IBM to acquire Schlumberger division

Looking to strengthen its global IT services division, IBM said Tuesday that it is buying the London-based Business Continuity Services unit of Schlumberger.

The acquisition will increase IBM's ability to help clients ensure business continuity and to provide IT infrastructure and data recovery services, the company said in a statement.

IBM declined to release the financial terms of the agreement.

More than 260 Schlumberger employees will transfer to IBM, according to Pat Corcoran, director of marketing and business development for IBM's Continuity and Recovery Services.

The Schlumberger unit has long-term contracts with more than 750 clients and more than 40 recovery sites around the world, IBM said in the statement. It provides business continuity services to major financial institutions, government bodies and global companies.

Corcoran said the Schlumberger unit will supplement IBM's Business Continuity and Recovery services unit, which has 120 business continuity locations worldwide.

"It's really been a progression of things," Corcoran said. "If you look back, it goes back to 2002 when IBM bought PricewaterhouseCoopers Consulting."

He said the combination of IBM and Schlumberger's business continuity services will help companies better handle key business issues such as compliance with government data-protection regulations required by the Sarbanes-Oxley Act and the New Basel Capital Accord, a risk management standard for global banking also known as Basel II.

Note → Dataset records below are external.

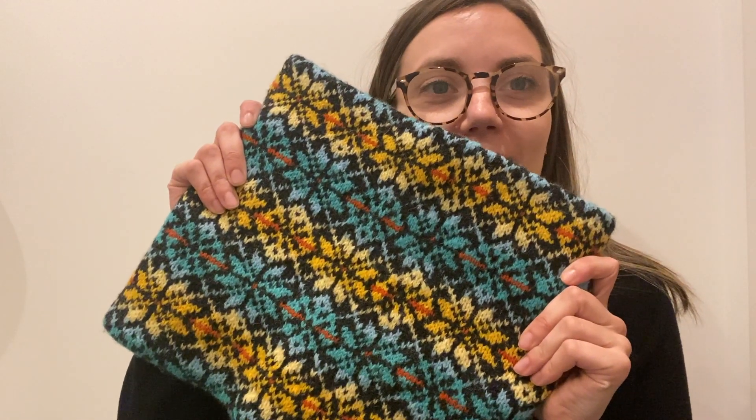Hello, I'm Ella Gordon and this is my design, the Radiant Star Cowl, which is on the cover of this year's Shetland Wool Week Annual.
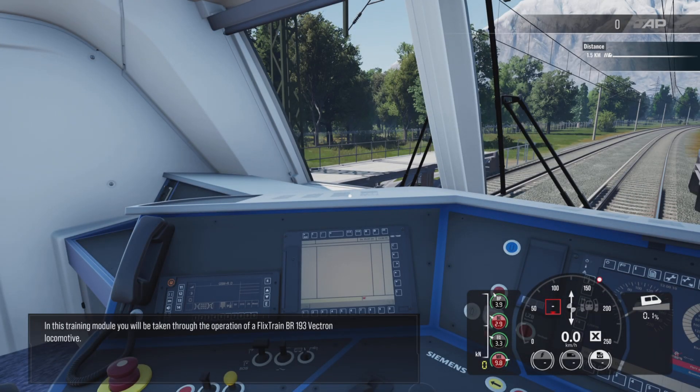In this training module, you will be taken through the operation of a FlixTrain BR-193 Vectron locomotive.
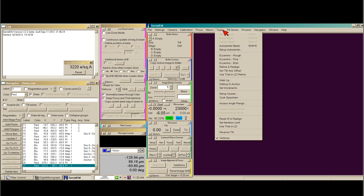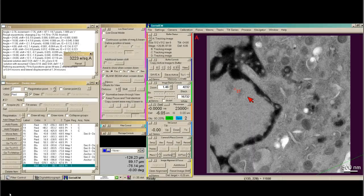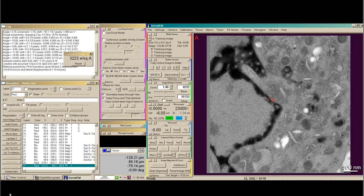What I need to do next is eucentricity, so I'm going to do both rough and fine. Eucentricity is finished, and I see that I have a lateral displacement that's bigger than one micron away from zero. This lateral displacement is a measurement of the distance of the optical axis from the tilt axis. We can correct for that in SerialEM by going to Tasks, Set Tilt Axis Offset, Accept the Value, say OK.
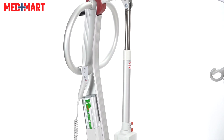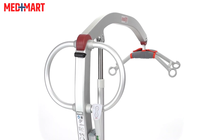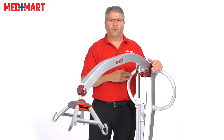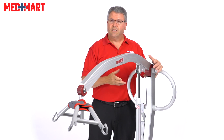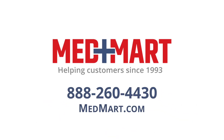The Molift Smart 150 from ETAC is a great lift — under 58 pounds, great material, great build, easy to fold, easy to break apart, and easy to travel with. The Molift is a great choice. For more information on this lift or any other lifts at MedMart, give us a call at 1-888-260-4430 or shop online at MedMart.com.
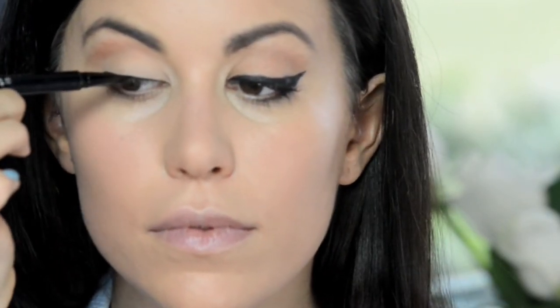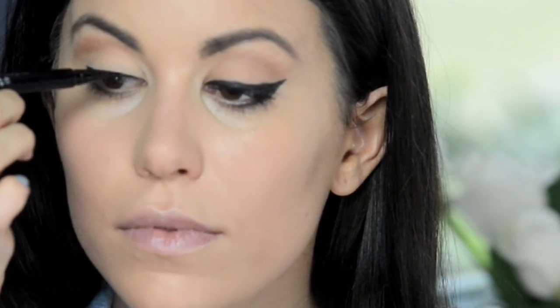Go back in and fill any areas that are uneven. Next, draw a line from the outer corner of your eye moving up towards the outer corner of your brow, then connect the end of the wing back to the line on your lash line.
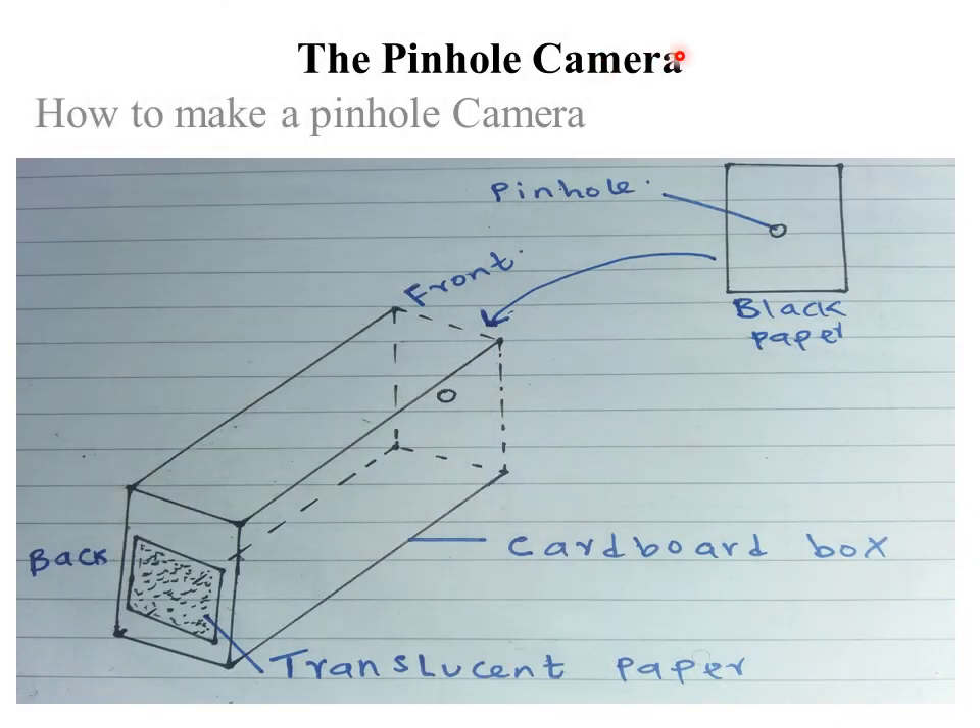Hello everyone and welcome to today's class. It is our second lesson on the topic rectilinear propagation and reflection at plane surfaces. Let me start by giving you the quote of the day: focus on collaboration and not competition.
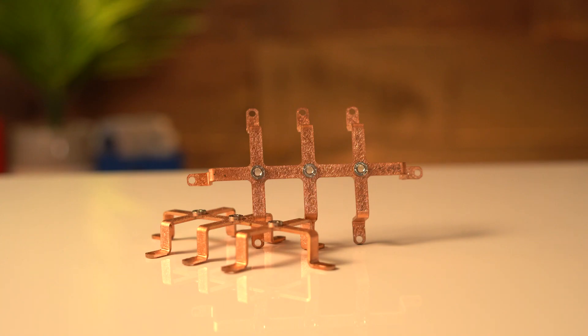So in this video, we're going to uncover the fundamental advantages of using copper bus bars in your electronic enclosures.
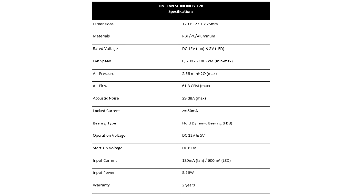The black and white UniFan SL Infinity 120 is available for pre-order starting June 17, at an MSRP of $99.99 globally for a three-fan with controller bundle pack, and $29.99 in the USA and globally for the single fan pack, controller not included.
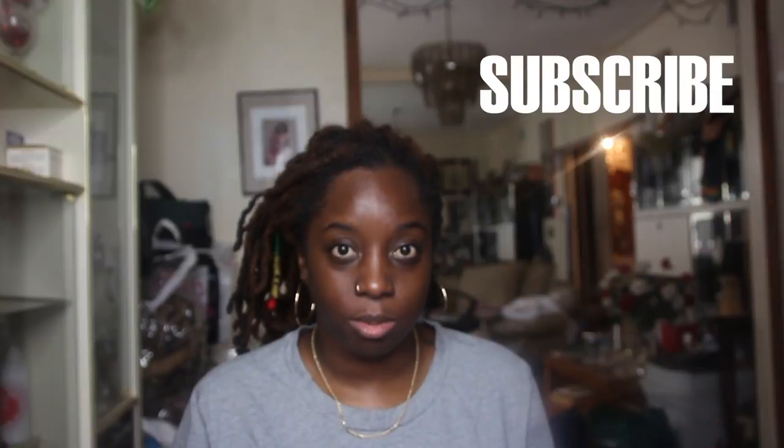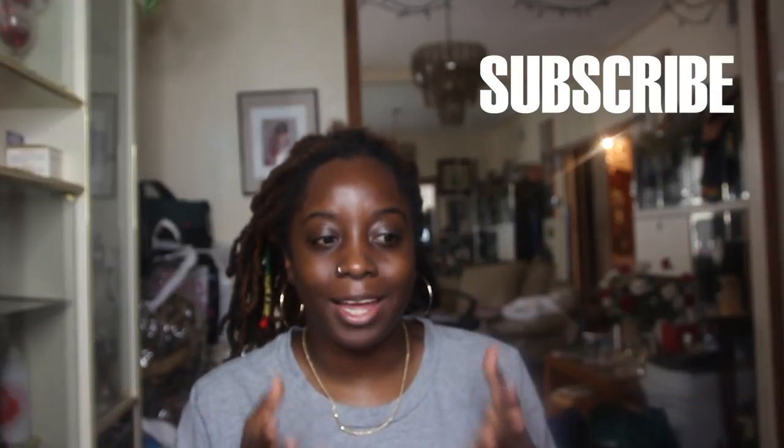Welcome back to my channel, it is your girl Essence of Shea. Let's get started. Don't forget to watch this in HD because it will be a little more clearer and nicer and the teeth will be a little bit more whiter.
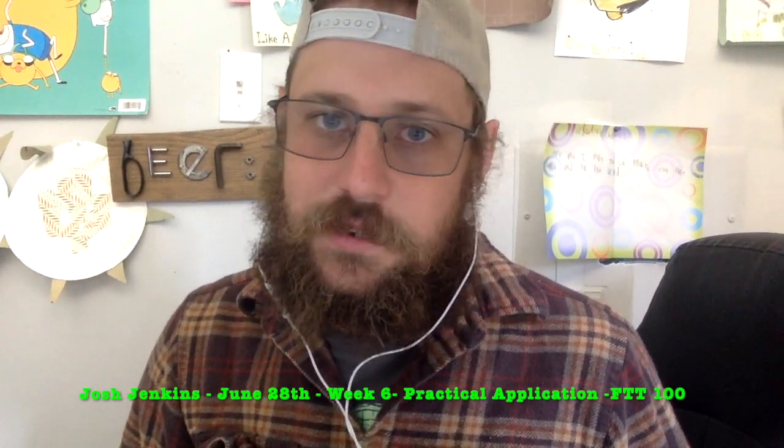My name is Josh Jenkins. This is my week six submission for FTT 100. Today is June 28, 2023.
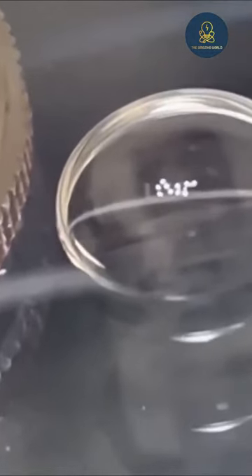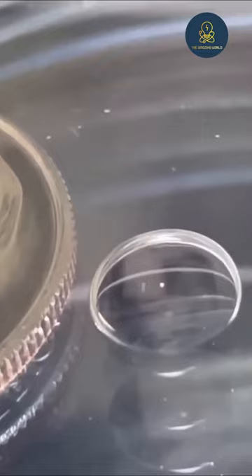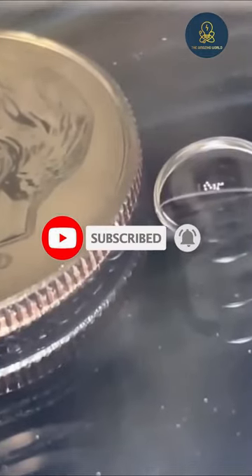A coin is placed near this ovum so that the size can be measured. If you enjoy this video, please subscribe to our channel.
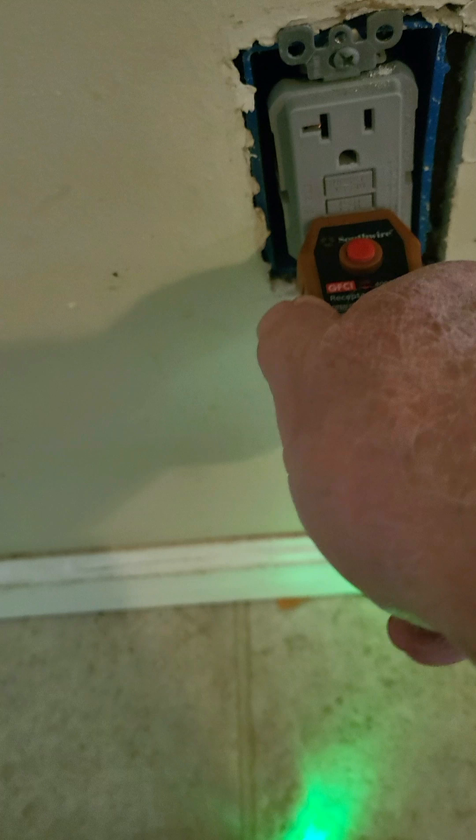So we pull the receptacle out and sure enough, once we test the wires, we realize that they've wired the load on the line and the line on the load. Once we get that straightened out, it'll all work fine.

"As we look at the marketplace and see what's going on, we're seeing that the business leaders are being asked to see that the business is continuously available to meet the business needs," Corcoran said. "From a recovery standpoint, they bring a trading floor capability which now gives us a full-function capability which we really didn't have before."

Corcoran said the Schlumberger unit will also provide IBM with specific skills in trading floor and workplace disaster recovery.

"IBM is anticipating greater demand for business continuity services as a result of new regulatory compliance," said Andrew Efstathiou, program manager at The Yankee Group. Both Basel II and Sarbanes-Oxley also particularly affect IBM's core of financial services clients, he said, making the offerings a good fit.

While Efstathiou didn't see any holes left to fill in IBM's continuity services, he said the company still needs to "coordinate across independent silos" within IBM and could make further acquisitions to knit together different geographies.